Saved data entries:
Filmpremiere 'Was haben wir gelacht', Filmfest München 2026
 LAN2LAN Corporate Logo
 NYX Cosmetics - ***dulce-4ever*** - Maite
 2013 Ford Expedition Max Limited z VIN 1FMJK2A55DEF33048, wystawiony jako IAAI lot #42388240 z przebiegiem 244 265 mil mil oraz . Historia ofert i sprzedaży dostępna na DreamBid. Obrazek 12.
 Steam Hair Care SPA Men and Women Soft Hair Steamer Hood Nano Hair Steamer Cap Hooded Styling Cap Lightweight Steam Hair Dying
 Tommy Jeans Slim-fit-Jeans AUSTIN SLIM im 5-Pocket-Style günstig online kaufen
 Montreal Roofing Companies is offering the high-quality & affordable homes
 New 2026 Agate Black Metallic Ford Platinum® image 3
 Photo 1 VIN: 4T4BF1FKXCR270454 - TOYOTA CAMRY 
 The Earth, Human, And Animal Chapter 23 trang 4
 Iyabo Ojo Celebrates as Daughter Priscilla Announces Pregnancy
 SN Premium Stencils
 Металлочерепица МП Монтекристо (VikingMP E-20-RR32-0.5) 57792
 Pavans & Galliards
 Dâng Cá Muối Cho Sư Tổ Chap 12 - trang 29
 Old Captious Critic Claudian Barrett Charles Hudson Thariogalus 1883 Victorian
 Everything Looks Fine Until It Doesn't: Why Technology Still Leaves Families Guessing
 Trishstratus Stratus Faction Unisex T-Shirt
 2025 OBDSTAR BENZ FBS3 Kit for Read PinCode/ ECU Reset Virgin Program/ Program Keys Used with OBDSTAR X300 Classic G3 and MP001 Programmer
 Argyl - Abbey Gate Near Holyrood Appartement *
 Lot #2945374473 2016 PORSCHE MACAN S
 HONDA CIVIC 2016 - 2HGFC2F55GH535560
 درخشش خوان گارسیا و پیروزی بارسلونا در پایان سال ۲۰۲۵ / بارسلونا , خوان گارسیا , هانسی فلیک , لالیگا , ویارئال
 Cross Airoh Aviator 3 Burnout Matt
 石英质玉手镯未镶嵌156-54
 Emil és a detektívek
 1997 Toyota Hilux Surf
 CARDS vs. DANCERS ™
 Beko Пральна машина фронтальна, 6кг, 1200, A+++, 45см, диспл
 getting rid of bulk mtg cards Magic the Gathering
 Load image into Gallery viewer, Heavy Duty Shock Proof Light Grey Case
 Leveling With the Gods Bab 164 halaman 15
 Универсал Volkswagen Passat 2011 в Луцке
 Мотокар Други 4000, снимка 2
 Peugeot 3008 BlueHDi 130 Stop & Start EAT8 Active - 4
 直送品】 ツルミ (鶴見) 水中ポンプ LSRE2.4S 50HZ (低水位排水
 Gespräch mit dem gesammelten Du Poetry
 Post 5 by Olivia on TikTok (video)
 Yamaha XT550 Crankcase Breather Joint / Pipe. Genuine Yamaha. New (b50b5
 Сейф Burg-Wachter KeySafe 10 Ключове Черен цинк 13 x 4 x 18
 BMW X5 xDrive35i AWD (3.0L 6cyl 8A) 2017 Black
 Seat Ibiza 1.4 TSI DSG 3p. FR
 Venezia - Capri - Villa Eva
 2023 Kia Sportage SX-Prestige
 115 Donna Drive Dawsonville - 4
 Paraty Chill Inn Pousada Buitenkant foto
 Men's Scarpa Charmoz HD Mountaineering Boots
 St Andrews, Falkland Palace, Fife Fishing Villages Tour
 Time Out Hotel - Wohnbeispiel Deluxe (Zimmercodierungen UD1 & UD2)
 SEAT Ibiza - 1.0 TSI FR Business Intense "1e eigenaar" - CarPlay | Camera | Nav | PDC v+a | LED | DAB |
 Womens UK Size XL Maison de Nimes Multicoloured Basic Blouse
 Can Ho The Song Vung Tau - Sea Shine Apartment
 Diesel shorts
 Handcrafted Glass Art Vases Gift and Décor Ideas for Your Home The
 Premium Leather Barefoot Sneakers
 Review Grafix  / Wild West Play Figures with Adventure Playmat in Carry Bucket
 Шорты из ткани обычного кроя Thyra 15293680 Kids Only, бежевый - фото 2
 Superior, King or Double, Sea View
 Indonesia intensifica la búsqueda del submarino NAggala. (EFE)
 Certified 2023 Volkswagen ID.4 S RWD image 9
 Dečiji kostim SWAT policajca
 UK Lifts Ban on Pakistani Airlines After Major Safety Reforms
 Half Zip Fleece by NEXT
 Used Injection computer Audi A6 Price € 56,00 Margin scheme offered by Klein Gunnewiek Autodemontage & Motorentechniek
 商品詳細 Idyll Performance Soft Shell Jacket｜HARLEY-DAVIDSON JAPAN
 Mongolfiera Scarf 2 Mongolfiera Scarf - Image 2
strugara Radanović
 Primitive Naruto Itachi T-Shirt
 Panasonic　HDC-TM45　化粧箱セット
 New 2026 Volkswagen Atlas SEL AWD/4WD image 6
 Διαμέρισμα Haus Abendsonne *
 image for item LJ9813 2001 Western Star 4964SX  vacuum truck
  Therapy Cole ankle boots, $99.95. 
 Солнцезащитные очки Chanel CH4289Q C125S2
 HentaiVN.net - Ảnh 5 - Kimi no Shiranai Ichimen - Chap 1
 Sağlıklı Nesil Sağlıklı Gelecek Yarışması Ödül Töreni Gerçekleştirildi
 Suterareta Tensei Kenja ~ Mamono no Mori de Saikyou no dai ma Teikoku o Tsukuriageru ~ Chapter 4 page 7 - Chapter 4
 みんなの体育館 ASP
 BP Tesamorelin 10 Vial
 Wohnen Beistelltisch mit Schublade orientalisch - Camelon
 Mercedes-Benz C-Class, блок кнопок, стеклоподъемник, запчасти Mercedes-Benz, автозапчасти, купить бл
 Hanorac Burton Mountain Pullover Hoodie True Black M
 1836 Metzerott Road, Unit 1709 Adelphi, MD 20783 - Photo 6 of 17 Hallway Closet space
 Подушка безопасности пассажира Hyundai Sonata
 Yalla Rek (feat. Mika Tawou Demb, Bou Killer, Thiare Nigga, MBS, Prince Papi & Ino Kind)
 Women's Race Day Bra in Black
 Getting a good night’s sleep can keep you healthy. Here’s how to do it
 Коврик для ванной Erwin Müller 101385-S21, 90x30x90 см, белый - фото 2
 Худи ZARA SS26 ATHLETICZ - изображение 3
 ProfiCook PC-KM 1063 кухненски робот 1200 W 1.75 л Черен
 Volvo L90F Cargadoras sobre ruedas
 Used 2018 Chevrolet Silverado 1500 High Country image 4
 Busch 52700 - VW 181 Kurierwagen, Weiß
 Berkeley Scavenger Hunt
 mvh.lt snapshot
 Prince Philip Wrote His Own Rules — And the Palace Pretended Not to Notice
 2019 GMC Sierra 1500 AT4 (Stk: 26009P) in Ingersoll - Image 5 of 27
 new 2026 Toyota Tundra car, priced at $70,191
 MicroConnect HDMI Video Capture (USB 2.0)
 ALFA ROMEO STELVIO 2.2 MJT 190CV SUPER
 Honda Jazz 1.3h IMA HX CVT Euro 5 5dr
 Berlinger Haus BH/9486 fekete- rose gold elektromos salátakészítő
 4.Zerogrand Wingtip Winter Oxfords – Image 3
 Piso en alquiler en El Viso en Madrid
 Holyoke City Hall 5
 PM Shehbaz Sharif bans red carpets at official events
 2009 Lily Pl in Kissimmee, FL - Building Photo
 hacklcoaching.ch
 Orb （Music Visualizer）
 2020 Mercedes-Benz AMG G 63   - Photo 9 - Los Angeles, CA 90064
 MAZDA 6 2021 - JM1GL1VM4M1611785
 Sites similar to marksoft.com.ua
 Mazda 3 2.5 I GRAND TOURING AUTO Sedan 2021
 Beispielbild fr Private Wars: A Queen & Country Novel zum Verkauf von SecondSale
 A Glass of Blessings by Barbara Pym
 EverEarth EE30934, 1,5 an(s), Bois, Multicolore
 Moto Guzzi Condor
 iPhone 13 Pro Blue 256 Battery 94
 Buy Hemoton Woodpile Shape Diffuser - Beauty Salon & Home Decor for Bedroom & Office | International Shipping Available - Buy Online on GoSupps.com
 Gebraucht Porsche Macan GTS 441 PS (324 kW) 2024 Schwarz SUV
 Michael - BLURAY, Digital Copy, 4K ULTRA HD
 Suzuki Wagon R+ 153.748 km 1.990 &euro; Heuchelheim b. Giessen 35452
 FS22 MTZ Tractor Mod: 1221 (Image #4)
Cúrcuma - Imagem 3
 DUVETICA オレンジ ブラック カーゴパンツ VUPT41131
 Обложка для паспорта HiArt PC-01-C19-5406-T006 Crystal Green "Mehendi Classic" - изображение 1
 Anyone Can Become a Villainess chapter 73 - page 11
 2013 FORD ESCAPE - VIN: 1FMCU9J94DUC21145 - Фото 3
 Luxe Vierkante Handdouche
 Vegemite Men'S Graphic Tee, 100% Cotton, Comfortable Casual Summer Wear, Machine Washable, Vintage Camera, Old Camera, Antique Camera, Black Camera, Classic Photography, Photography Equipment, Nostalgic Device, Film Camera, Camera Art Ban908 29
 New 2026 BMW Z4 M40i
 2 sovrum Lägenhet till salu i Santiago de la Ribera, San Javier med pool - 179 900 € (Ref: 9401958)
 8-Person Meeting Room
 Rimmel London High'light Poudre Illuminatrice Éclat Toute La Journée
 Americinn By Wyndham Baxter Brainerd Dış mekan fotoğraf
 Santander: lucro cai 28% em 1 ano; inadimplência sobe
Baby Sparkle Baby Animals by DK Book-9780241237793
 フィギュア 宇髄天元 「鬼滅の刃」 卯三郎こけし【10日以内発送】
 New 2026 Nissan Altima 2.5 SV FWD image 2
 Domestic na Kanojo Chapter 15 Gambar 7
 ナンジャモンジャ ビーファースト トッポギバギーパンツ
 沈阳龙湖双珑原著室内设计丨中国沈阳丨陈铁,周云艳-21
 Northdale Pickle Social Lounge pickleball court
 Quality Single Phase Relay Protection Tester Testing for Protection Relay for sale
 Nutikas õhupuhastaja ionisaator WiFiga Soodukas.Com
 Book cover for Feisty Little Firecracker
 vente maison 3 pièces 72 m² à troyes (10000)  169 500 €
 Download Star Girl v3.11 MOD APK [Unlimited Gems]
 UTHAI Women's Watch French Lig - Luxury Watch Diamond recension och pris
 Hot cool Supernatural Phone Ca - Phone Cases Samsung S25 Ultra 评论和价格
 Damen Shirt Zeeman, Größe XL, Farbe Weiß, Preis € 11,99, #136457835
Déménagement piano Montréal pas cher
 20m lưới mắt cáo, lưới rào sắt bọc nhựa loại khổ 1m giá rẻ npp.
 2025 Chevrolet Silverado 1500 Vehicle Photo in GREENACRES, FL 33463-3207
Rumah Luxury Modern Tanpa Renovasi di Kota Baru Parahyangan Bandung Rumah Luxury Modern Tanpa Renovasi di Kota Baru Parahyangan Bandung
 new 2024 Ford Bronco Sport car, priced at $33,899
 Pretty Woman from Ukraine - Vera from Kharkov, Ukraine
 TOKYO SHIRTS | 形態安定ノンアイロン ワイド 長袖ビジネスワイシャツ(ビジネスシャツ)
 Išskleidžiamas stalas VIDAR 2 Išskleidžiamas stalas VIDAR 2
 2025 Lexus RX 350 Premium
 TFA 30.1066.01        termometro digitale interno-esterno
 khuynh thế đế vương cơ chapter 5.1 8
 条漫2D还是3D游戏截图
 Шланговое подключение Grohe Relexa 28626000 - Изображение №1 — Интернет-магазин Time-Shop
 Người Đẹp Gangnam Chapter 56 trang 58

• **Task requirements**: Copy the lines above exactly. Start with the line containing "Yalla Rek (feat.", end with the line containing "iPhone 13 Pro Blue 256 Battery 94", and include both.

• **Solution to this task**:
 Yalla Rek (feat. Mika Tawou Demb, Bou Killer, Thiare Nigga, MBS, Prince Papi & Ino Kind)
 Women's Race Day Bra in Black
 Getting a good night’s sleep can keep you healthy. Here’s how to do it
 Коврик для ванной Erwin Müller 101385-S21, 90x30x90 см, белый - фото 2
 Худи ZARA SS26 ATHLETICZ - изображение 3
 ProfiCook PC-KM 1063 кухненски робот 1200 W 1.75 л Черен
 Volvo L90F Cargadoras sobre ruedas
 Used 2018 Chevrolet Silverado 1500 High Country image 4
 Busch 52700 - VW 181 Kurierwagen, Weiß
 Berkeley Scavenger Hunt
 mvh.lt snapshot
 Prince Philip Wrote His Own Rules — And the Palace Pretended Not to Notice
 2019 GMC Sierra 1500 AT4 (Stk: 26009P) in Ingersoll - Image 5 of 27
 new 2026 Toyota Tundra car, priced at $70,191
 MicroConnect HDMI Video Capture (USB 2.0)
 ALFA ROMEO STELVIO 2.2 MJT 190CV SUPER
 Honda Jazz 1.3h IMA HX CVT Euro 5 5dr
 Berlinger Haus BH/9486 fekete- rose gold elektromos salátakészítő
 4.Zerogrand Wingtip Winter Oxfords – Image 3
 Piso en alquiler en El Viso en Madrid
 Holyoke City Hall 5
 PM Shehbaz Sharif bans red carpets at official events
 2009 Lily Pl in Kissimmee, FL - Building Photo
 hacklcoaching.ch
 Orb （Music Visualizer）
 2020 Mercedes-Benz AMG G 63   - Photo 9 - Los Angeles, CA 90064
 MAZDA 6 2021 - JM1GL1VM4M1611785
 Sites similar to marksoft.com.ua
 Mazda 3 2.5 I GRAND TOURING AUTO Sedan 2021
 Beispielbild fr Private Wars: A Queen & Country Novel zum Verkauf von SecondSale
 A Glass of Blessings by Barbara Pym
 EverEarth EE30934, 1,5 an(s), Bois, Multicolore
 Moto Guzzi Condor
 iPhone 13 Pro Blue 256 Battery 94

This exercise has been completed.